What is expected:
In the records below, find the line containing "仙台市泉区　板金笠木の上に水が溜らないように勾配を付けて設置した" and the line containing "Vintage design hocker"; please repeat exactly the lines from one to the other, both included, and nothing more.

Extracted material:
++++++

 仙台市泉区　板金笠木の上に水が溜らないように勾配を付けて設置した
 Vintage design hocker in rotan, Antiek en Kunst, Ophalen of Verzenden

++++++

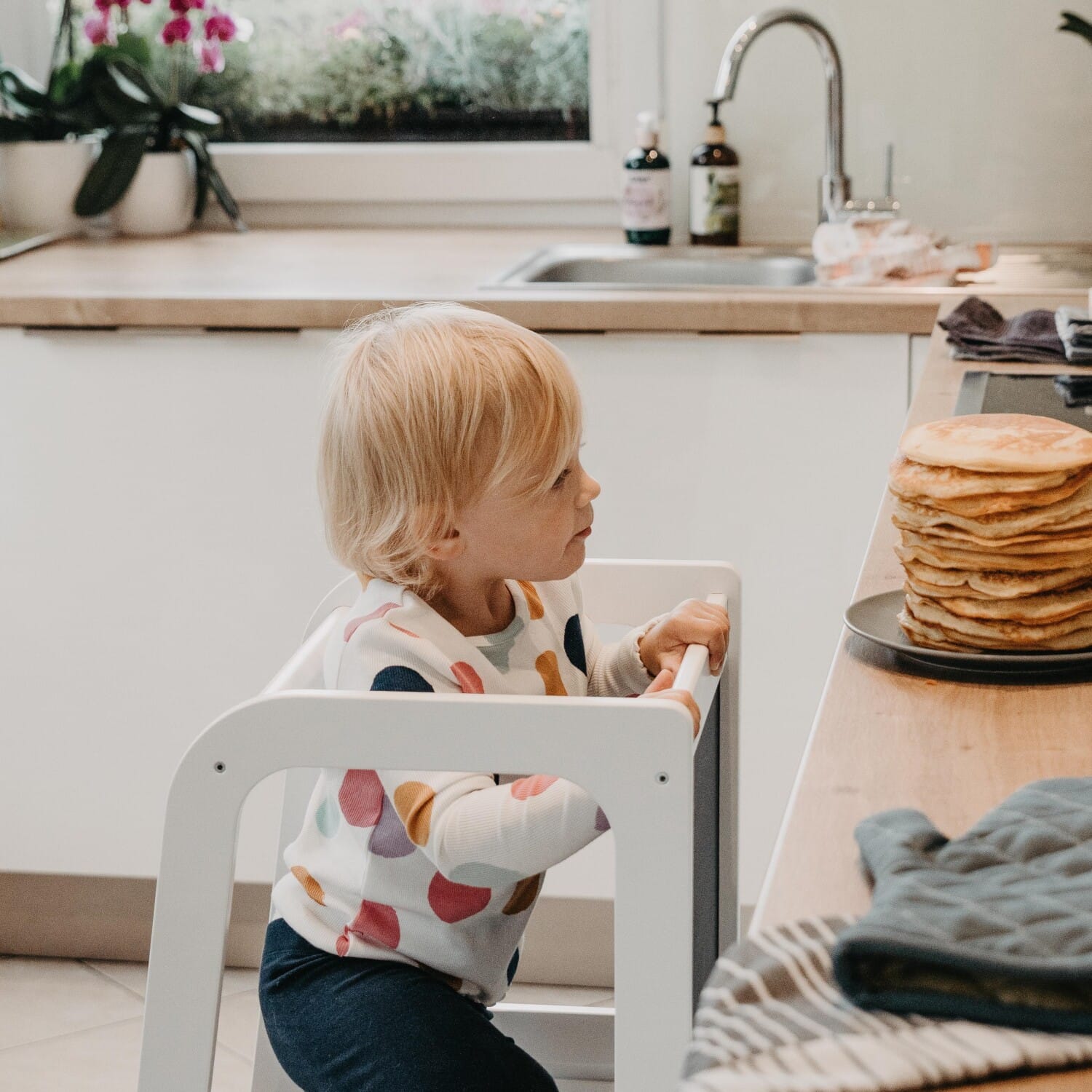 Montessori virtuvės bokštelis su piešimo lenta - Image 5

++++++

Exercise result:
 仙台市泉区　板金笠木の上に水が溜らないように勾配を付けて設置した
 Vintage design hocker in rotan, Antiek en Kunst, Ophalen of Verzenden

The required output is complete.